I just read a most excellent thesis by Daniel Greenfield, who you may know as Sultan Knish.

It starts:

Too big to fail” empowers “too big to fail” systems and “too big to fail” economies. Encouraging debt and the eventual assumption of debt passed on and commodified by increasingly larger political and economic entities creates supraentities built on debt and dedicated to economic regulation.

The assumption of state debts by the Federal government was a major step in the federalization of the United States. The growing assumption of micro and macro debts by the United States government and by international bodies allows for greater macro and micro regulation of economic activities…

…The universalization of debt leads to the universalization of economic authority and eventually planned economies. By indebting everyone from the individual to the government, everyone is forced to maintain a bankrupt and broken system. Debts are obligations. Obligating everyone to the same system forces everyone to comply with the system…

…Financial institutions gain by encouraging consumer irresponsibility. Governments gain by encouraging irresponsible behavior by financial institutions. Global entities gain by encouraging irresponsible behavior by governments. Responsibility is traded for freedom, but individuals, institutions and governments, who give up freedom of action in exchange for being able to pass their responsibilities up the ladder, are participating in a shell game…

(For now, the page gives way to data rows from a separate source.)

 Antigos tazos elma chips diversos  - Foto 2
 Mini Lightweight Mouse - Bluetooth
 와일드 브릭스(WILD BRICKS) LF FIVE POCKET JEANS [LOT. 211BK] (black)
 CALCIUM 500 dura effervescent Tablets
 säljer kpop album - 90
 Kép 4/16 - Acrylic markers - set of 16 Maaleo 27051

…The obligations themselves cannot be escaped; only the direct responsibility for making the difficult decisions can be passed upward along the chain. If the frogs don’t want to make their own decisions then they elect a king who makes all their decisions for them. The assumption of debt elects kings who decide how the debt must be repaid and who is first in line to collect and who is first in line to pay.

Here’s the brilliance:

When failure is institutionalized then the primary task of each failing system is the evasion of responsibility. Institutionalizing failure also universalizes failure so that no one is responsible, but everyone is responsible. … Protecting the sources of failure is a primary goal of those who benefit from institutionalizing and universalizing failure.

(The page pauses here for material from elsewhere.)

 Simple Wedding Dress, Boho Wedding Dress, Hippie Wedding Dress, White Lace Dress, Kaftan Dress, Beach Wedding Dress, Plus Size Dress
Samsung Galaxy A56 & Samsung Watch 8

Here’s my contribution and observation which piggybacks the cliché of everyone gets a ribbon; the converse to everyone is a winner is universal failure. And for the last twenty years or so we have been conditioned just for this, it just wasn’t advertised as such.

You would think it is a stretch that there’s illegal collusion to undermine the foundations of global finance. But then we have the current LIBOR scandal.

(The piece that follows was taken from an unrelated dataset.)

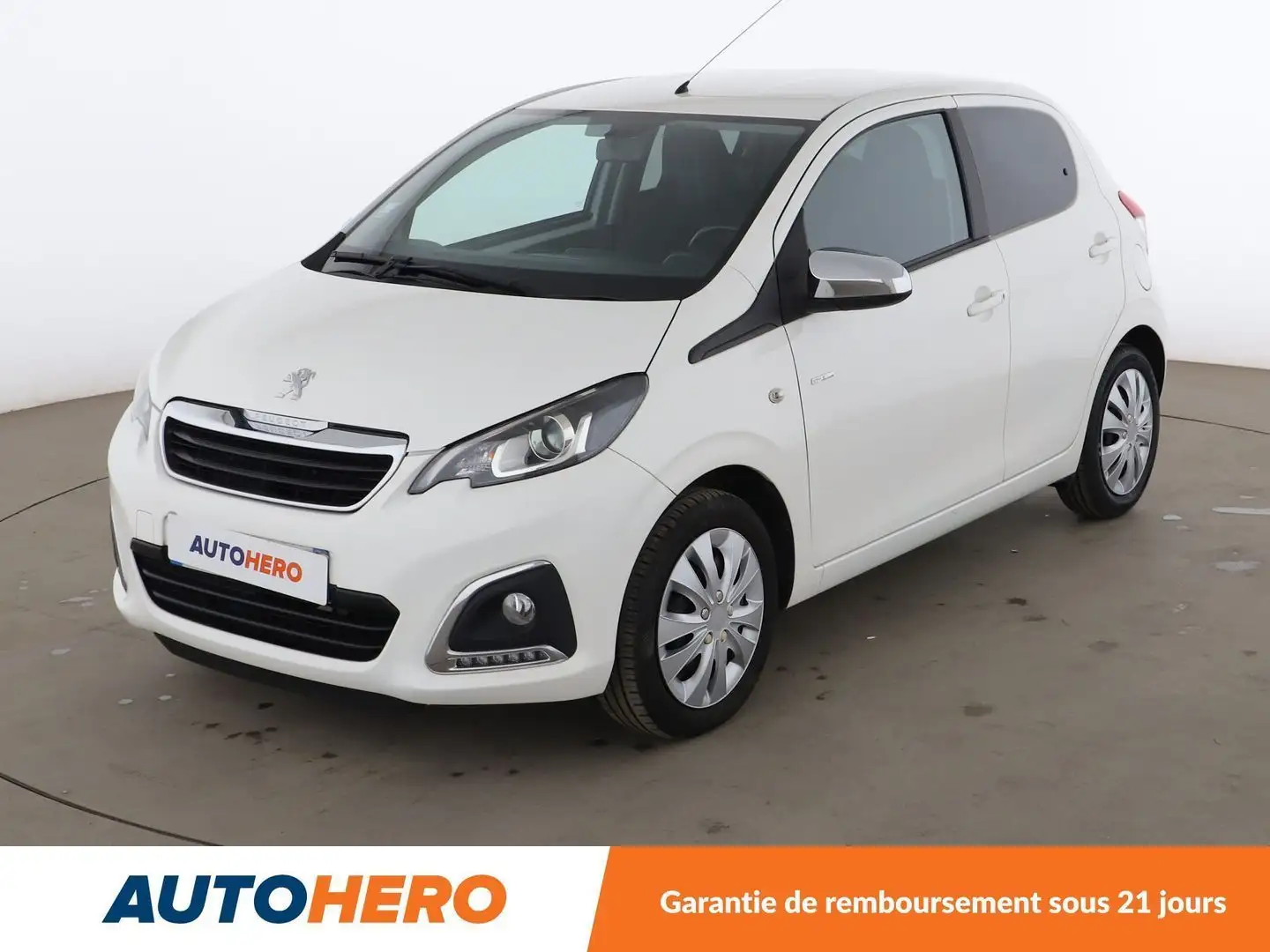 Peugeot 108 1.0 VTi Style Blanc - 1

We are witness. World governments are encapsulating crony-capital finance companies from failure, too big to fail when they should.

Robert Scheer:

Modern international bankers form a class of thieves the likes of which the world has never before seen. Or, indeed, imagined … It reveals that behind the world’s financial edifice lies a reeking cesspool of unprecedented corruption. The modern-day robber barons pillage with a destructive abandon totally unfettered by law or conscience and on a scale that is almost impossible to comprehend.

Daniel Greenfield:

Growing instability is met with tighter regulation leading to the increased power of oligarchies who regulate the system and the diminishing freedom of individuals. Every action taken to create greater security and stability for the oligarchy has the net effect of subtracting from the economic freedom of all smaller actors.

Drawing a parallel, it was recently agreed by EU nation states that the European Central Bank will have greater oversight over the bloc’s banking systems. I surmise the ones who created and sustain the problem were just given more authority over it.

When failure comes it is never attributed to the ideology or to the entire structure, rather to a failure of comprehensive control. Each attempt at deepening control expands the system that is the cause of the problem and deepens the level of failure in areas affected by the system. The more the ideal is pursued, the more the real declines until the entire system implodes with devastating consequences.

Noted economists John Embry had this to say on Europe.

The problem for the central planners, in the not-too-distant-future, is the can is getting too big to kick down the road. What this means is that the chaos will accelerate.

Daniel Greenfield again:

The distillation of free market economics into the crony capitalist corporation which looks to the government to take care of the messes It makes is tipping the globe closer into the black hole of a planned global economy where universal debt leads to universal power and universal failure.

Interesting that it looks like Obama is going to sign away some of our sovereignty to the UN this summer with those four UN treaties it’s said he’ll be signing. Hopefully he doesn’t and if he does, they die in the Senate. But it goes to support that a planned global union isn’t entirely unsubstantiated.